**PROBLEM:**
Quote word for word the lines starting at the line with "Akinu Trénink Rybičky pamlsek pro psy 75 g" and ending at the final line of the entries. Leave out any pictures.

**RECORDS PROVIDED:**
━━━
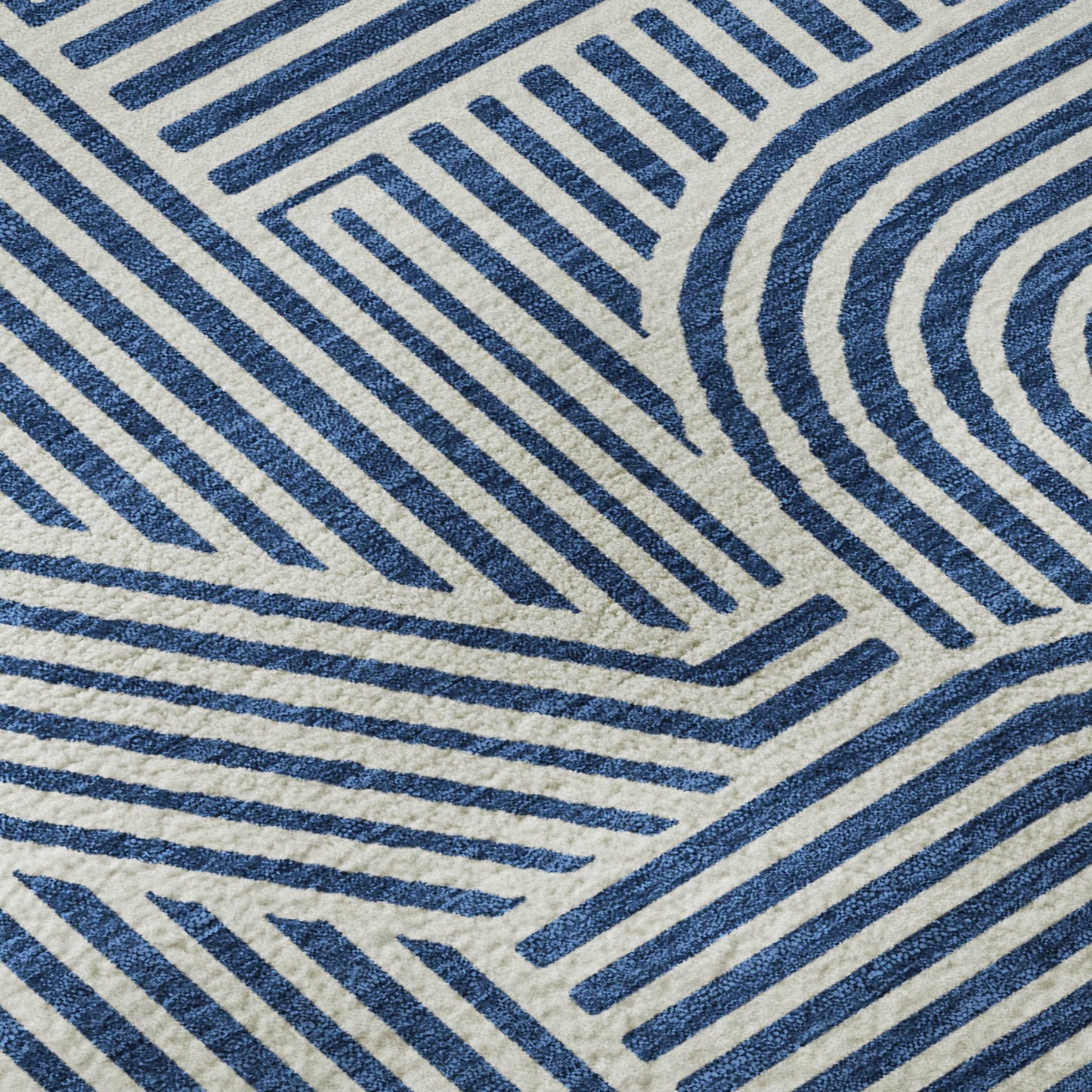 Dalyn Rugs The Reserve  Navy  Geometric
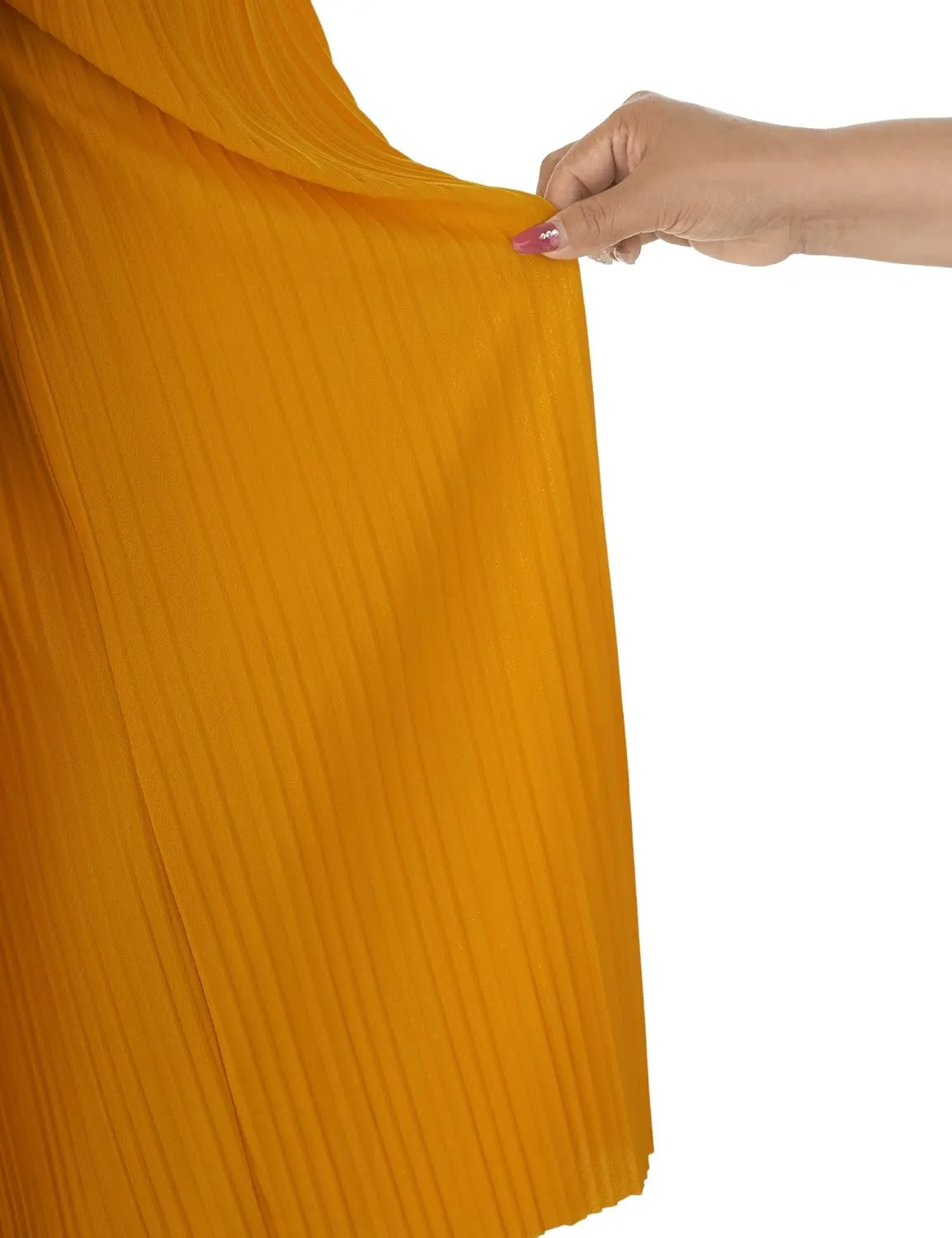 Lock and Love Womens Pleated Wide Leg Palazzo Maxi Pants with Drawstring or Elastic Band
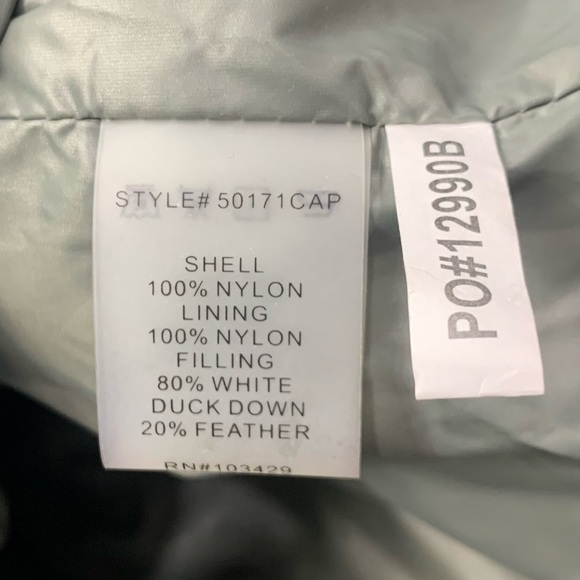 Anorak Fillmore Camo Print Long Down Puffer Vest Size Small - Picture 8 of 10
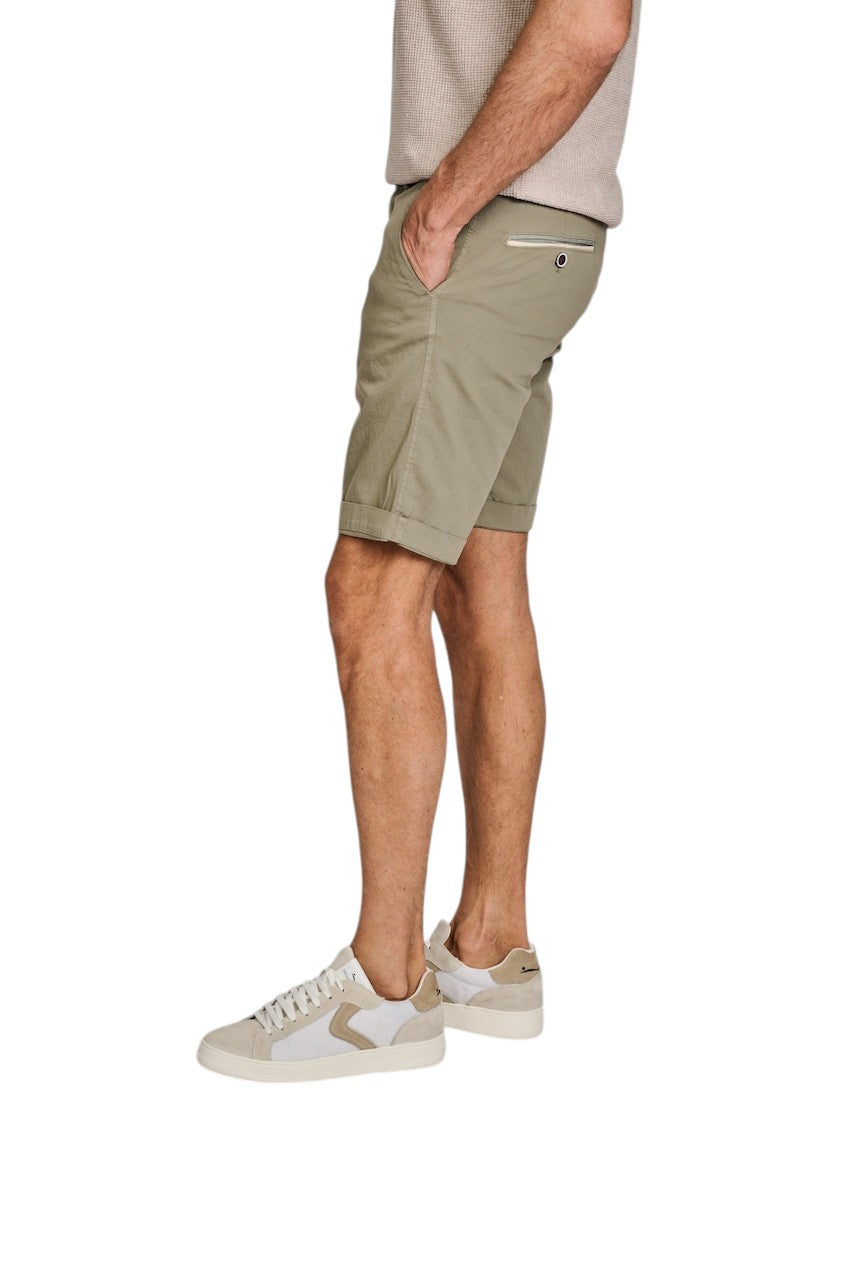 Mason'S Men bermuda heren groen Torino summer 9BE22863N2ME303169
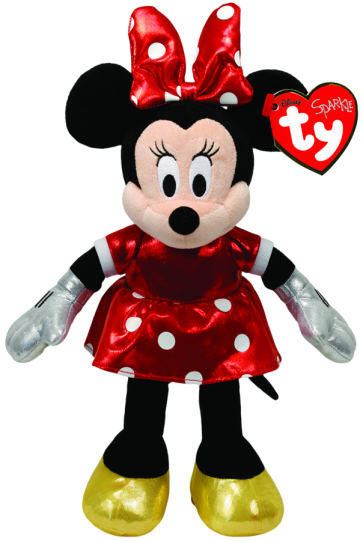 Minnie Mouse Sparkle Beanie Babies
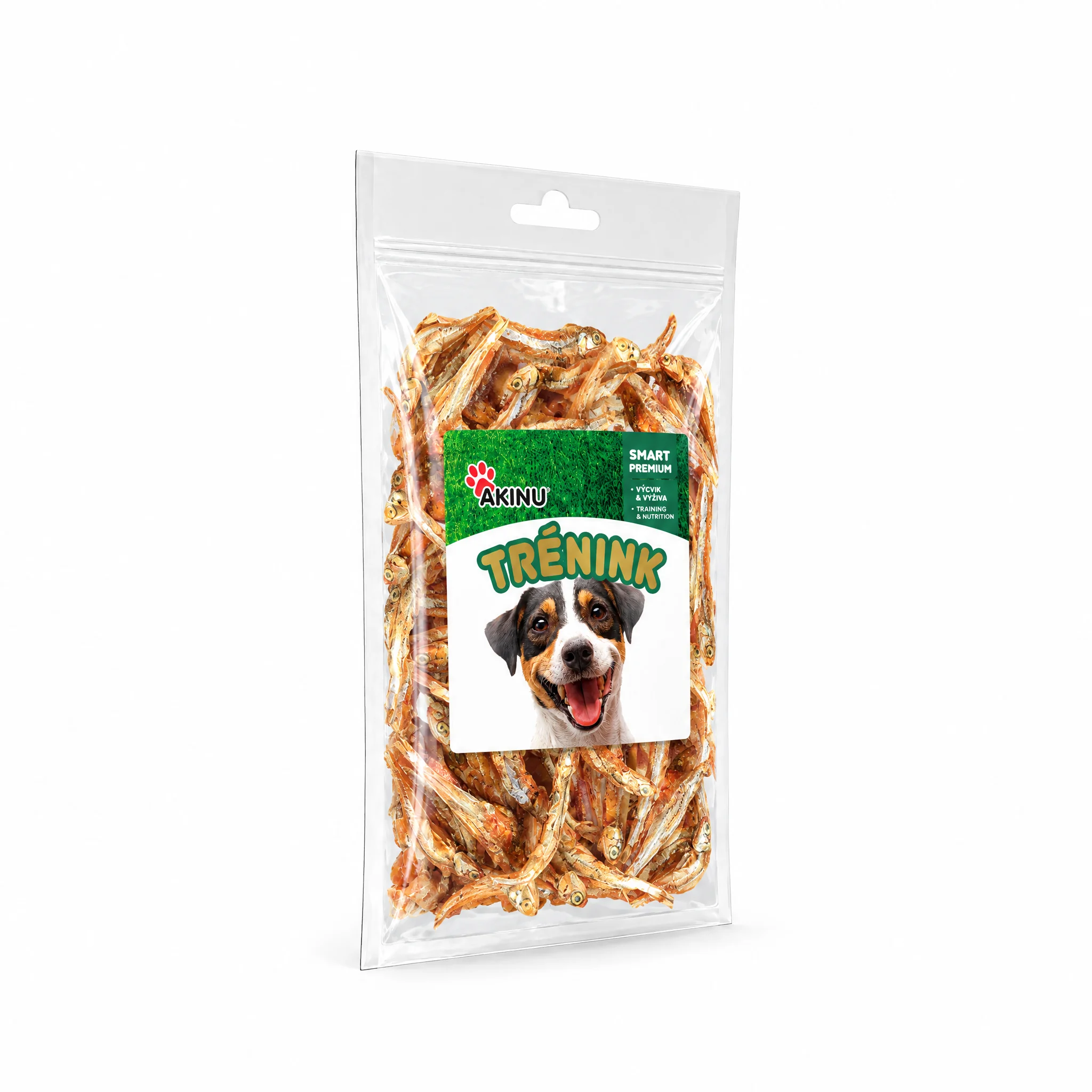 Akinu Trénink Rybičky pamlsek pro psy 75 g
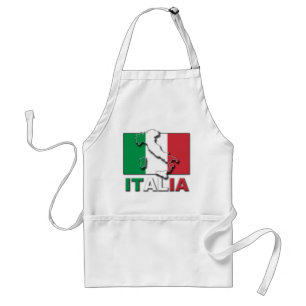 Italia Flag Land Standaard Schort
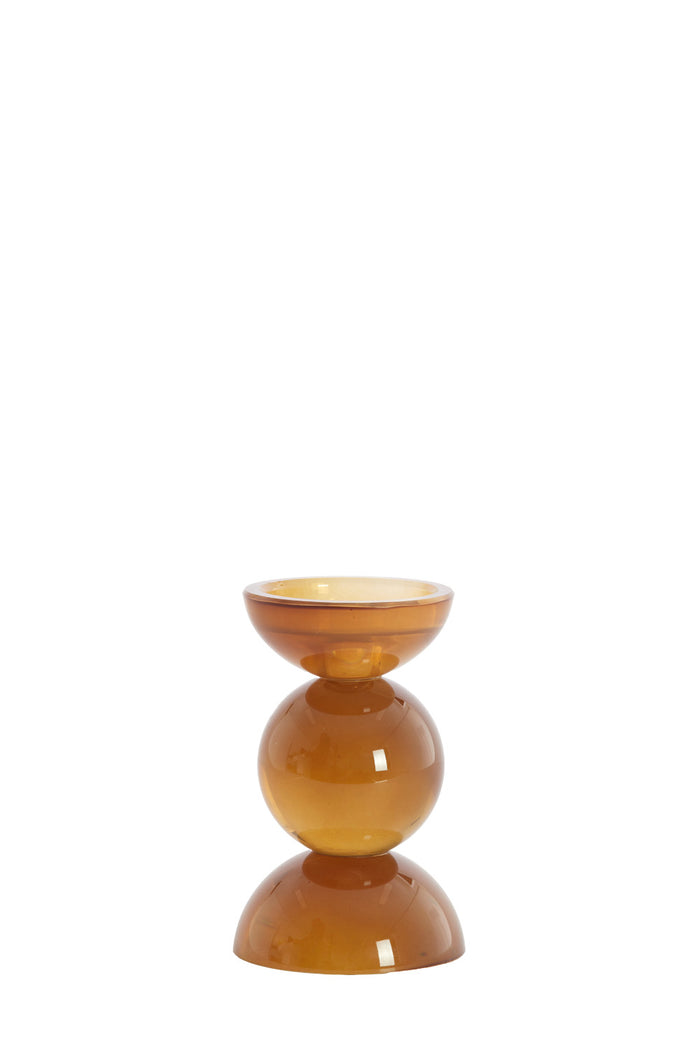 Light & Living - Kaarsenhouder ITINGA - Ø9.5x15.5 cm - Bruin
━━━
**FINISHED TASK:**
 Akinu Trénink Rybičky pamlsek pro psy 75 g
 Italia Flag Land Standaard Schort
 Light & Living - Kaarsenhouder ITINGA - Ø9.5x15.5 cm - Bruin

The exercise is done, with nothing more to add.